Auch wenn sich Meldungen um dreiste Diebstähle in letzter Zeit zu häufen scheinen: Ángel Garcia Sanz, Sprecher der „Policía Local” in Palma, geht nicht von einer prozentualen Zunahme der Kleinkriminalität aus: „Wenn wie jetzt einfach deutlich mehr Menschen auf der Insel sind, passiert natürlich auch mehr.” An erster Stelle unter den Delikten seien Diebstähle durch Unaufmerksamkeit vor allem an den Stränden und Taschendiebstahl auf öffentlichen Plätzen zu verzeichnen. Risiko Nummer zwei bildeten die „Nelkenfrauen”, die vor allem rund um die Avenida Antoni Maura und den Parc de la Mar ihren teils zweifelhaften Geschäften nachgingen. An dritter Stelle steht das Ausrauben von Autos auf Parkplätzen (Wertsachen nie sichtbar im Wagen liegen lassen!). Platz vier belegen die berüchtigten Hütchenspiele, bei denen Touristen nicht nur beim Spielen, sondern oft schon beim bloßen Zuschauen um ihr Hab und Gut gebracht werden (weil sie so abgelenkt sind, dass auch Taschendiebe leichte Beute haben).

Mit vermehrter Polizeipräsenz an neuralgischen Punkten versuchen die Ordnungshüter die Trickbetrüger in Schach zu halten: So wird die Zahl der Beamten an der Playa de Palma in der Hauptsaison mit insgesamt 117 Polizisten fast verdoppelt. Dennoch, sagt Ángel Sanz, sei jedem Touristen zu erhöhter Aufmerksamkeit zu raten, zumal die Zahl der Methoden an Ablenkungsmanövern zugenommen habe.

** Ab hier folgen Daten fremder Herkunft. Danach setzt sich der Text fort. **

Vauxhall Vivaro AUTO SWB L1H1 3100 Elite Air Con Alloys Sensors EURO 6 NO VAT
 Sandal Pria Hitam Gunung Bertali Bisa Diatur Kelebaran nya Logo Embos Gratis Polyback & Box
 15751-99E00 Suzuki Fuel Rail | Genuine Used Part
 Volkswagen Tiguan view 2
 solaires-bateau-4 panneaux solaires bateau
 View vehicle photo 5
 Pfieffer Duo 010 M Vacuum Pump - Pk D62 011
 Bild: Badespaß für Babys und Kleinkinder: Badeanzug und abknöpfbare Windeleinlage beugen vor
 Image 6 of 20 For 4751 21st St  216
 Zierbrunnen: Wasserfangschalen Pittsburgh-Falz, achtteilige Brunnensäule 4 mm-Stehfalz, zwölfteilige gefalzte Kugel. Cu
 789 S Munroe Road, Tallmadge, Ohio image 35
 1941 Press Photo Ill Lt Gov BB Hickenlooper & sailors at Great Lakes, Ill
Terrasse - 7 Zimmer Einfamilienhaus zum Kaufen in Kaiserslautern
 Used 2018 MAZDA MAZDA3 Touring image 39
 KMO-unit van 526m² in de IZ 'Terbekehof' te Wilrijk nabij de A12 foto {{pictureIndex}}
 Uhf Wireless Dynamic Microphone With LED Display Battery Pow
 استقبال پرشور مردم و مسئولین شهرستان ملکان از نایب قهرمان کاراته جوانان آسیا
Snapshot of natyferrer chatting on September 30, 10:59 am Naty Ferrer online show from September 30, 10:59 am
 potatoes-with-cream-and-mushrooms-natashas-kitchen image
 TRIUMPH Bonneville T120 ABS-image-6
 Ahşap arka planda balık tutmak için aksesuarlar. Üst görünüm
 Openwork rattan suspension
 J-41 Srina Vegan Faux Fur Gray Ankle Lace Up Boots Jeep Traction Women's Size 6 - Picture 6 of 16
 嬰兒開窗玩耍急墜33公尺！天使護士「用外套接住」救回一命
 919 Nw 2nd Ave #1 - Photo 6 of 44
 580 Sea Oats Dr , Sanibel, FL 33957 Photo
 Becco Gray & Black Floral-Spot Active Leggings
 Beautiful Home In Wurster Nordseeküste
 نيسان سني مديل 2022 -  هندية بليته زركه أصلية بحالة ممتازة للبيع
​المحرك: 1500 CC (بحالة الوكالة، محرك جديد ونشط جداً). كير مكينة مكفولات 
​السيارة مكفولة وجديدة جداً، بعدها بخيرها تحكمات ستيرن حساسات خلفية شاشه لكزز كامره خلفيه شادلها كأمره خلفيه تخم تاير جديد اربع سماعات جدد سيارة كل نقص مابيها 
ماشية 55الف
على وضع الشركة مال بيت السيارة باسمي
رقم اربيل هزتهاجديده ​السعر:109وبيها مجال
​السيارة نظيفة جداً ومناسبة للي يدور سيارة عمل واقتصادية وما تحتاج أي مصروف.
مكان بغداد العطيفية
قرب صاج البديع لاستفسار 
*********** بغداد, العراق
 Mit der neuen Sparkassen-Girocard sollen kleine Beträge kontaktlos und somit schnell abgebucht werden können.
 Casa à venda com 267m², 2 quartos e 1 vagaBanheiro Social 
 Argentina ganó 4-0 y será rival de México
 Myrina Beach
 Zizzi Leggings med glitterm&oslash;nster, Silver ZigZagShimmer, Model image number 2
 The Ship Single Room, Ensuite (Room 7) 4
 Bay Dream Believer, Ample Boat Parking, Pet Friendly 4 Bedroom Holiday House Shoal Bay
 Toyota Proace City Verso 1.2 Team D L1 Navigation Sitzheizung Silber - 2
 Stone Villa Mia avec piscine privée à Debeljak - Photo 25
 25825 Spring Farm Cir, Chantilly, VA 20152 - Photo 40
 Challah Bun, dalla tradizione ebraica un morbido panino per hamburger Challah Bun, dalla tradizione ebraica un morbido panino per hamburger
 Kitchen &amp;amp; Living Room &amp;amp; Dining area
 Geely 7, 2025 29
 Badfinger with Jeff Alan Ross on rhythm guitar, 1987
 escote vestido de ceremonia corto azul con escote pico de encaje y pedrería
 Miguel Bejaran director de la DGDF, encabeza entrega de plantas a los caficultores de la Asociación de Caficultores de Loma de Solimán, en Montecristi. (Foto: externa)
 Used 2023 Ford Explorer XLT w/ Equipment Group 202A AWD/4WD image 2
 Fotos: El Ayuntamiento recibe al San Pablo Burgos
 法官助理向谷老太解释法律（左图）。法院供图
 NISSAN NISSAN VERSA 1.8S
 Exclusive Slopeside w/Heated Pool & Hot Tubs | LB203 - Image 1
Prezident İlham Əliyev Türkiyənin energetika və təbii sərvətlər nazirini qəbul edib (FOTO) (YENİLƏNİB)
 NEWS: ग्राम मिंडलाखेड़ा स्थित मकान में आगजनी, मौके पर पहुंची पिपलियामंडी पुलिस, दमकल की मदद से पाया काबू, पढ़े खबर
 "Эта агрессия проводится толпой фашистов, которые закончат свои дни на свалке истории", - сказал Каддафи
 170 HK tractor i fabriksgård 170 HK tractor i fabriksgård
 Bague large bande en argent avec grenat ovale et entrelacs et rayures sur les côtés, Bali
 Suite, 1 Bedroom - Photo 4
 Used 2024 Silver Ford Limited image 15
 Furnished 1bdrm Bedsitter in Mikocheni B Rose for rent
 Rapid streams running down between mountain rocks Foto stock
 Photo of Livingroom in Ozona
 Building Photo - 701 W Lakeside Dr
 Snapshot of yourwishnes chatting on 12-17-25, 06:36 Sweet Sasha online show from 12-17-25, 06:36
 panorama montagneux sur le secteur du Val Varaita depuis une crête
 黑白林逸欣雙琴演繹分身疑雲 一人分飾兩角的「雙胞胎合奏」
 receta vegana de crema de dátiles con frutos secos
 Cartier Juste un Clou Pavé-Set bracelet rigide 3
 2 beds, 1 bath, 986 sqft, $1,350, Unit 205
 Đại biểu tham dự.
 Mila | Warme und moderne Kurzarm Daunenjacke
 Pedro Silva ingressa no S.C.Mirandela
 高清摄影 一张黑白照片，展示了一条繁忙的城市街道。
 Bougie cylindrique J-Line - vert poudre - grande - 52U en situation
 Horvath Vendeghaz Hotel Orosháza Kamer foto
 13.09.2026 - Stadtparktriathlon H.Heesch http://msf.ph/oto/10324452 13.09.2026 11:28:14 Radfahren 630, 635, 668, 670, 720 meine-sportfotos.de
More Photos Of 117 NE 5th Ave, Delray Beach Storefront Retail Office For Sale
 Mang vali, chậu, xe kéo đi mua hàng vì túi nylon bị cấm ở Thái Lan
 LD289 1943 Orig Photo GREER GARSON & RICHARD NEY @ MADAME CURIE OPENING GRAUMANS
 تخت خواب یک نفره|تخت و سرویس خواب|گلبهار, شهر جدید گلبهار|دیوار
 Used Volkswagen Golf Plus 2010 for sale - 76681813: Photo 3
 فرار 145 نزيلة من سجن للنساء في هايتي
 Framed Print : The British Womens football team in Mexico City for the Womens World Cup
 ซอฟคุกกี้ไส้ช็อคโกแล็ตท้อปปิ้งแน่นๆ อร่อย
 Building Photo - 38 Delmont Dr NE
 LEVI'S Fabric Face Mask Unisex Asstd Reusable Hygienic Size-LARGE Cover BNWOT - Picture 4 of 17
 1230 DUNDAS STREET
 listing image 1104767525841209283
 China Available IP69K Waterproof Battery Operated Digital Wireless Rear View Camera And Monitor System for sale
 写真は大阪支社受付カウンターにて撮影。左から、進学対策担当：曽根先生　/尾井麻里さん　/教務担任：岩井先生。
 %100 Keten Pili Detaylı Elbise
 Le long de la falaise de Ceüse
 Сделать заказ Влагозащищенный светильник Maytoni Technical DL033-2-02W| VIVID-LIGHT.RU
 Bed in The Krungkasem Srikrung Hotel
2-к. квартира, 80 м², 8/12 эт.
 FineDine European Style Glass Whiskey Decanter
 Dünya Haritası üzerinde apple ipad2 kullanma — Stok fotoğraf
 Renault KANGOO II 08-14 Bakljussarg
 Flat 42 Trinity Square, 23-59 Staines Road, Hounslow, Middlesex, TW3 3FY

MM hat die meist verbreiteten Tricks zusammengestellt, um potenzielle Opfer für Risikosituationen zu sensibilisieren. Allgemein gilt: Vorsicht vor Ablenkungsmanövern. Meist zieht ein Täter die Aufmerksamkeit auf sich, während sich ein anderer unbemerkt am Eigentum bedient. Menschenmengen ziehen verstärkt Gauner an: Die oft überfüllte Buslinie 15 an die Playa ist beliebter Ort von Taschendieben. Auch bei Autovermietungen am Airport wurde eine Häufung von Diebstählen beobachtet.